FIG. 7A represents an example in which an output (pulse width: t1) of PWM1 and an output (pulse width: t2) of PWM2 are combined to produce a PWM output signal with a pulse width of t3=t1+t2. The outputs of PWM1 and PWM2 are issued after delays of t11 and t12, respectively, in sync with a common horizontal sync signal (BD signal). If there are no variations in the designated pulse widths, a combined output of t3=t1+t2 is produced.
On the other hand, FIG. 7B represents an example in which, because of an error caused in synchronization accuracy of PWM2, the output of PWM2 which should be issued after t12 is issued after t13. In this example, the combined output has a pulse width of t4 (t4<t3). Accordingly, a pulse width smaller than the desired value is resulted.
Further, FIG. 7C represents an example in which, because of an error caused in synchronization accuracy of PWM2, the output of PWM2 which should be issued after t12 is issued after t14. In this example, a combined pulse has a “split” and is separated into two pulses.
FIG. 8A similarly represents an example in which an output (pulse width: t1) of PWM1 and an output (pulse width: t2) of PWM2 are combined to produce a PWM output signal with a pulse width of t3=t1+t2. The outputs of PWM1 and PWM2 are issued after delays of t11 and t12, respectively, in sync with a common horizontal sync signal (BD signal). If there are no variations in the designated pulse widths, a combined output of t3=t1+t2 is produced.
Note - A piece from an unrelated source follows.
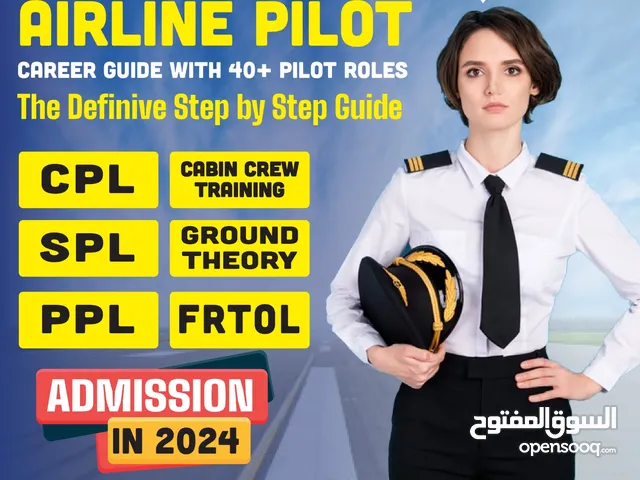 FRTOL Certification Course: Master Aviation Communication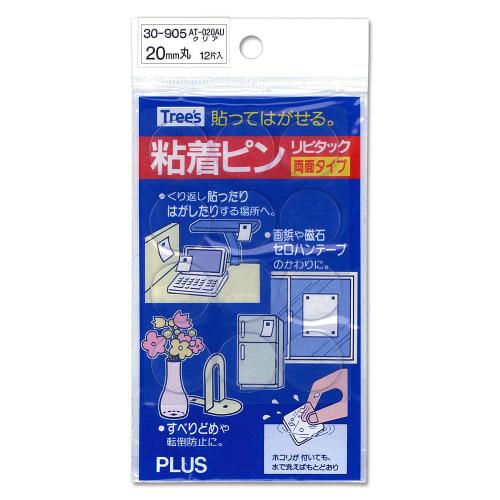 Plus Adhesive Pin Lipitac 20mm 12 Pieces Clear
Also, FIG. 8B represents an example in which, because of an error caused in pulse width of PWM1, the output of PWM1 which should be issued with the pulse width of t1 is issued with a pulse width of t5 (t5>t1). In this example, the combined output has a pulse width of t6=t1+t2 and the pulse width is not changed.
On the other hand, FIG. 8C represents an example in which, because of an error caused in pulse width of PWM1, the output of PWM1 which should be issued with the pulse width of t1 is issued with a pulse width of t8 (t8<t1). In this example, a combined pulse signal has a “split” and is separated into two pulses.
Thus, because of errors in synchronization accuracy or variations in pulse width between PWM1 and PWM2, the combined PWM output is apt to have a pulse width differing from the desired value or to cause a “split”, and an image is apt to show thickening or thinning of lines or to include white streaks. This results in deterioration of image quality.